With only an EP to their name, 2021’s quick and dirty Ravenous Psychotic Onslaught, Stabbing has little but a tease of brutality to go by. Dry and fervent drums collide often against recycled Suffocation riffs to form their predictable and pit-stirring sound, a strain of brutal white noise punctuated by nary a groove nor a melody. On this new full-length outing, they haven’t changed much at all—a couple of tricks like the understated whammy warble on “Inhaling the Dead” or the slow-mo chug down of “It Ends in Flames”—serving us twelve epidermal intrusions that don’t even require the faintest dab of super glue to seal. The forgiving DR6 may spare your head a mighty ringing, but thirty three minutes with Stabbing will still leave you wondering what the in the hell just blew through.

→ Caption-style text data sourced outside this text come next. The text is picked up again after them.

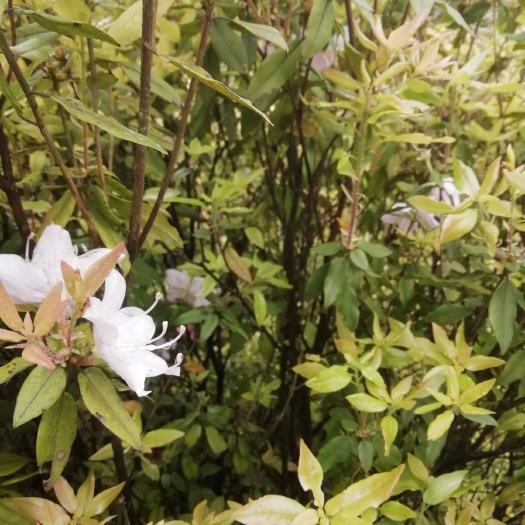 隆回县马缨杜鹃 马银花，杜鹃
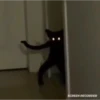 Gatos tiktok  6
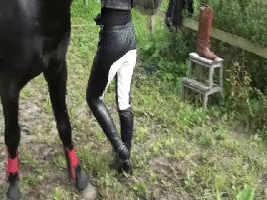 Detailbildansicht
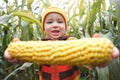 Small smiling kid boy in colorful knitted sweater showing or giving fresh corn cobs on cornfield. Happy childhood, autumn mood,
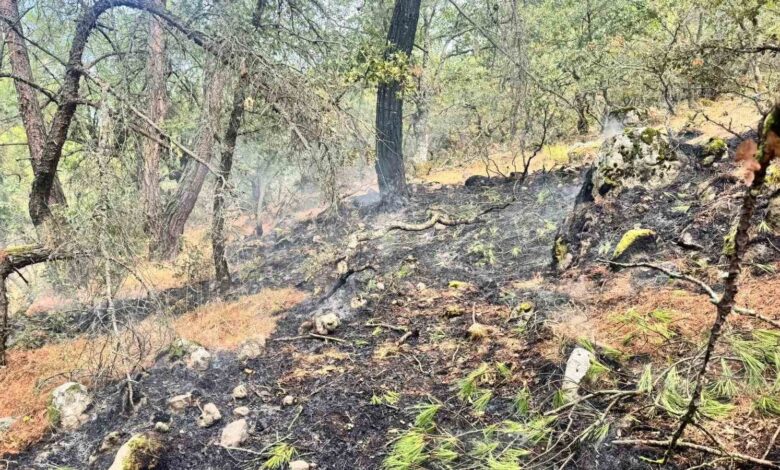 yildirim kaynakli orman yanginina havadan ve karadan mudahale f679a2f |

Frustratingly, Stabbing has all the right tones for a band in the amorphous pool of goregrind, brutal death metal, and slam. Marvin Ruiz’s guitarwork leans on the frenetic and technical side, often showcasing fragments of knotty compliance through burly tremolo runs (“Southern Hacksaw Execution”) or pinch-syncopated staccato cuts (“Visions of Eternal Suffering”). “Inhaling the Dead” displays quickly how the slight attention to detail in the high end allows Rene Martinez‘s cymbals to splash about with full presence. Bridget Lynch provides fervent and properly porcine mic abuse that really goes a step beyond what less polished acts can muster. I can tell I’m listening to a well-curated gallery of choppy tones and ugly squeals, but I just can’t manage to care.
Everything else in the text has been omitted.